“If mercury has often ministered to vanity and folly,” said the Thimble, “I remember hearing of one curious instance where it served to mortify them both. A dashing lady, who was absurd enough to try to increase her beauty by covering her yellow complexion with a delicate coating of white paint, once visited a quicksilver mine. She must have felt it strange to find herself in that gloomy place, where the sickly miners, by the glare of torch-light, pursue their unwholesome occupation.”

“Why should it be unwholesome?” I asked.

“Because mercury is of that poisonous nature, that it is said that those employed to procure it seldom live longer than two years in the mine.”

“I should think that after learning that,” observed I, “the dashing lady would have a feeling of pain when next she looked in a mirror.”

“Probably she had,” replied the Thimble, “but from a different cause. While she had been examining the mine, she little thought of the strange effect which the mercury would have on the paint which covered her face. She entered the place white like a lily; she left it black like a negro!”

The idea of the poor lady with her black face mightily tickled the fancy of the Scissors, who wished that she had been there to see her. But my curiosity about the strange metal mercury was not quite satisfied yet.

“What was the use of that instrument hung on the wall, where the quicksilver lay in its little glass ball, till Master Eddy broke its prison and set it free?”

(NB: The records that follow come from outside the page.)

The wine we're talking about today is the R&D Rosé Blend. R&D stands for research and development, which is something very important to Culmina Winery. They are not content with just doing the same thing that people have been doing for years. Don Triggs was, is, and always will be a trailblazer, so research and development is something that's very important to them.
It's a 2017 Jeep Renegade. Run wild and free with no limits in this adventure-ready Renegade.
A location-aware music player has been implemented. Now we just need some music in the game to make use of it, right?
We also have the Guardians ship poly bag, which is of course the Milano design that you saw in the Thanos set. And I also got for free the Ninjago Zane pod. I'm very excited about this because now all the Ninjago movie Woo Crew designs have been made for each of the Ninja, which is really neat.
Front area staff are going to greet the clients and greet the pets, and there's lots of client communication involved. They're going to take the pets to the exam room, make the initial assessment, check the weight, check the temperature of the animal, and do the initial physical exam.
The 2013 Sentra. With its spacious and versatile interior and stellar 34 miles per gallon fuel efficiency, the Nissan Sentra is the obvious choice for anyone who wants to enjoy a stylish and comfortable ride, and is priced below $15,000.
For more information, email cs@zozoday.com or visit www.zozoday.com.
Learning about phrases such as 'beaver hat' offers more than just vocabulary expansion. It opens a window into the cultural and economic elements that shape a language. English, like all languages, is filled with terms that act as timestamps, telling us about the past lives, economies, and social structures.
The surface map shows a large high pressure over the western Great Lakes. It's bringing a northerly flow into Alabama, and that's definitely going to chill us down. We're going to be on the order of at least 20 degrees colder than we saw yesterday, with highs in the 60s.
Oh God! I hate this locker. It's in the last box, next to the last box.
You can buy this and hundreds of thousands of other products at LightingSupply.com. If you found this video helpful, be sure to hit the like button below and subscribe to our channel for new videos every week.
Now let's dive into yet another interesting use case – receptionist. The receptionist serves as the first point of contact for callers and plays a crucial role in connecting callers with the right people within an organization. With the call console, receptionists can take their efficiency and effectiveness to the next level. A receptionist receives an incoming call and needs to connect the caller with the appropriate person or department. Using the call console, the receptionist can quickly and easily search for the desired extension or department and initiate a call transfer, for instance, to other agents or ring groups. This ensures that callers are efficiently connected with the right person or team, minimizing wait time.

“That instrument is called a thermometer. It is employed to measure the heat of the weather.”

“I cannot imagine how it can do that.”

“It is the nature of mercury to expand—that is, grow bigger—whenever it is exposed to heat. At the top of the glass ball there is a slender glass tube. When the weather is warm, the mercury swells; and the ball being too small to hold it, it is forced up the tube to a greater or less height, according to the amount of the heat.”